And yet. Given the level of outrage, it must be acknowledged that little change has occurred at the policy, much less the institutional level. Commissions are formed, local reforms proposed, and a predictable backlash invigorated, replicating a long-established pattern of protest followed by bureaucratic inertia. Time and again we witness the absorption of movement energy into the grinding processes of the regulatory labyrinth.
As with gun control following school shootings, with climate action following extreme weather events, with antiwar protests in anticipation of invasions, with international trade deals, with Occupy or pipeline blockades, the pattern is clear. I am not saying that protest is dead. My argument is that these particular forms of reactive protest are no longer effective.

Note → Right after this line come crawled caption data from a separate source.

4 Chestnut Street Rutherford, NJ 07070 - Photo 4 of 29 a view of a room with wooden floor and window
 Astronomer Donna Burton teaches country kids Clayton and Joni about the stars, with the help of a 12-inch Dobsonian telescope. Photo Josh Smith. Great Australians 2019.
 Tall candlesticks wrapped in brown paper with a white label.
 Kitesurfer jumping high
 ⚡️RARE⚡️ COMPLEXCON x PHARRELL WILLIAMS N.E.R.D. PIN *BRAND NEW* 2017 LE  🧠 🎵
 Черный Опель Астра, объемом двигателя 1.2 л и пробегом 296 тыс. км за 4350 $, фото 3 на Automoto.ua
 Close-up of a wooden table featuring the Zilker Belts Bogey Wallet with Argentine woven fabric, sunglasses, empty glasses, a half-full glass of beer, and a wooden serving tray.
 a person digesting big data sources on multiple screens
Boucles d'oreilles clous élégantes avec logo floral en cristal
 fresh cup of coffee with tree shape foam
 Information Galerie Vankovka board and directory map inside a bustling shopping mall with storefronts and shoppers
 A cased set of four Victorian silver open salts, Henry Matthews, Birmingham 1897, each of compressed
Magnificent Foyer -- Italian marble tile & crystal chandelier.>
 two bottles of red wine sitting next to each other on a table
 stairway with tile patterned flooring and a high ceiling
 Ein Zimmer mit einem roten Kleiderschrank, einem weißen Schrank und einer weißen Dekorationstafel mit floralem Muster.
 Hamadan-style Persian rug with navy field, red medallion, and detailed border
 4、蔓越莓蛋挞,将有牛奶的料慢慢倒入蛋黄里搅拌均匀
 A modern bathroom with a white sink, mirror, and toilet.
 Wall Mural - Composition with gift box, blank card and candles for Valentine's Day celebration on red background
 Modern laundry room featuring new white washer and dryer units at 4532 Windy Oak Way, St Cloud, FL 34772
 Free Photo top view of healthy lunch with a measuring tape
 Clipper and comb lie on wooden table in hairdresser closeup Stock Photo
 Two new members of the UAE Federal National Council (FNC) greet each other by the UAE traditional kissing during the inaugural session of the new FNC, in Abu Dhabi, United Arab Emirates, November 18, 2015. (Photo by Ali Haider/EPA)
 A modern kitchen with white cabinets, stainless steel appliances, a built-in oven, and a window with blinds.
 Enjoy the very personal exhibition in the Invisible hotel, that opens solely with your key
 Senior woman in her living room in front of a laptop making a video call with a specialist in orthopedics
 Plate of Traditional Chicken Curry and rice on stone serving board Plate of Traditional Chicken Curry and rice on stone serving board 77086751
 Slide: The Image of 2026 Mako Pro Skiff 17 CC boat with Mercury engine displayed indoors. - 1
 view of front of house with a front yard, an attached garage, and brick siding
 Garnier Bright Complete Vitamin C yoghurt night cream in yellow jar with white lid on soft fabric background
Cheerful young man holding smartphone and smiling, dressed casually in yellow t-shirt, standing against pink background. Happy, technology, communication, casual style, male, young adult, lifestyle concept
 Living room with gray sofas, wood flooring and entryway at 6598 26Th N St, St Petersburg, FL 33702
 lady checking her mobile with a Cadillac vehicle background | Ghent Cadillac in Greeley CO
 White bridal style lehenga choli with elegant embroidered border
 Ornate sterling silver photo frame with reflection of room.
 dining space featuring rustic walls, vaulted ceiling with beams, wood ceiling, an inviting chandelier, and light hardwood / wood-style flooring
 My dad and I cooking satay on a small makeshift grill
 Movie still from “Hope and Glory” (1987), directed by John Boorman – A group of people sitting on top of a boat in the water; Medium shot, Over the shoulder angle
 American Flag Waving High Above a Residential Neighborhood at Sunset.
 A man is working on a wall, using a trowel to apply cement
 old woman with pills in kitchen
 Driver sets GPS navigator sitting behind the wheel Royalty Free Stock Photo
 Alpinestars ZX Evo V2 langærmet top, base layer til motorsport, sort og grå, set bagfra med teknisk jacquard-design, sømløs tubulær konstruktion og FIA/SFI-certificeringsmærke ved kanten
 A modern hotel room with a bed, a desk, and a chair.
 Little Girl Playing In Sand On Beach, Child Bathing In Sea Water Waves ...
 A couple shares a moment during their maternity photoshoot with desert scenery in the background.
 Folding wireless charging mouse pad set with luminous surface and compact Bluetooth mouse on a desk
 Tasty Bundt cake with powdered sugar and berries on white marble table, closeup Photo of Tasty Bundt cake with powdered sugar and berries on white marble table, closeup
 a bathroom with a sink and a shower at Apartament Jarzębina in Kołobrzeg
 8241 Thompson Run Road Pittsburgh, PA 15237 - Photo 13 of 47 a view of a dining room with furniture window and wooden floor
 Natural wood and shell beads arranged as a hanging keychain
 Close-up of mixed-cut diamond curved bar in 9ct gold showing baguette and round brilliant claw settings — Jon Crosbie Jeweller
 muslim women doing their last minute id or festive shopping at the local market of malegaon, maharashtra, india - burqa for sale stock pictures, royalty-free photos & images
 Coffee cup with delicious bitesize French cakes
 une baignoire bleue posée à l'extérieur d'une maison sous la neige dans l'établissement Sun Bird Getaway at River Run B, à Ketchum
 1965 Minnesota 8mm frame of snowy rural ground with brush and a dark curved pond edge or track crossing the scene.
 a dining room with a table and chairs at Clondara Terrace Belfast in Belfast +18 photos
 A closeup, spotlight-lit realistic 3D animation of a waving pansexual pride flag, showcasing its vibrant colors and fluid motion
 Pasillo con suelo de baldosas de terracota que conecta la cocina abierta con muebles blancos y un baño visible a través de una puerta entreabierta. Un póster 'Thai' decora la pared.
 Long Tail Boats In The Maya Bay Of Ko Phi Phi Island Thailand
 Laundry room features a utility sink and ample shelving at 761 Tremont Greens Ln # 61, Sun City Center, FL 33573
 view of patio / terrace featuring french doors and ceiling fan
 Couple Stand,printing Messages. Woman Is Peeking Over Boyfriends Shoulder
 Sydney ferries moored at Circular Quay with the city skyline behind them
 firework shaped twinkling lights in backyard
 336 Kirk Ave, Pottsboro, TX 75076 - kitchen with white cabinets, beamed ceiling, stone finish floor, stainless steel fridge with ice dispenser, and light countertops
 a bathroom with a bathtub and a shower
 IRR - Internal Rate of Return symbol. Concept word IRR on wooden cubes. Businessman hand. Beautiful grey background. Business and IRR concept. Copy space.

What I would like the Climate Movement to consider is a tactic that moves beyond protest as it is now conceived and practiced. This nonviolent, direct action tactic is best described as “fill the jails.”
While the mass civil disobedience of both anti-KXL in Washington DC in 2011 and Extinction Rebellion more recently were steps in the right direction, the historical examples of mass arrest I am promoting have a qualitative difference.
I first learned of “fill the jails” when researching the free-speech fights conducted at the beginning of the 20th century by the Industrial Workers of the World. From San Diego, California to Missoula, Montana, Wobblies defied local ordinances that banned impromptu public speaking. They gained the right to openly organize by calling in masses of fellow workers to be arrested and fill jails until the burden on local authorities became overwhelming. Another historical example is Gandhi’s India campaign, where he vowed to “fill the prisons” in order to make governing impossible for the British.
Perhaps the best-known example of this tactic being applied successfully is the Civil Rights Movement, especially the campaign centered in Birmingham, Alabama (the “most segregated city in America”), in 1963. This is how the large-scale, non-violent direct action was described by historian Howard Zinn:
“Thursday, May 2nd, is ‘D-Day’ as students ‘ditch’ class to march for justice. In disciplined groups of 50, children singing freedom songs march out of 16th Street Baptist church two-by-two. When each group is arrested, another takes its place. There are not enough cops to contain them, and police reinforcements are hurriedly summoned. By the end of the day almost 1,000 kids have been jailed. The next day, Friday May 3rd, a thousand more students cut class to assemble at 16th Street church. With the jails already filled to capacity, and the number of marchers growing, Eugene ‘Bull’ Connor, the Commissioner of Public Safety in charge of the police and fire departments, tries to suppress the movement with violence.”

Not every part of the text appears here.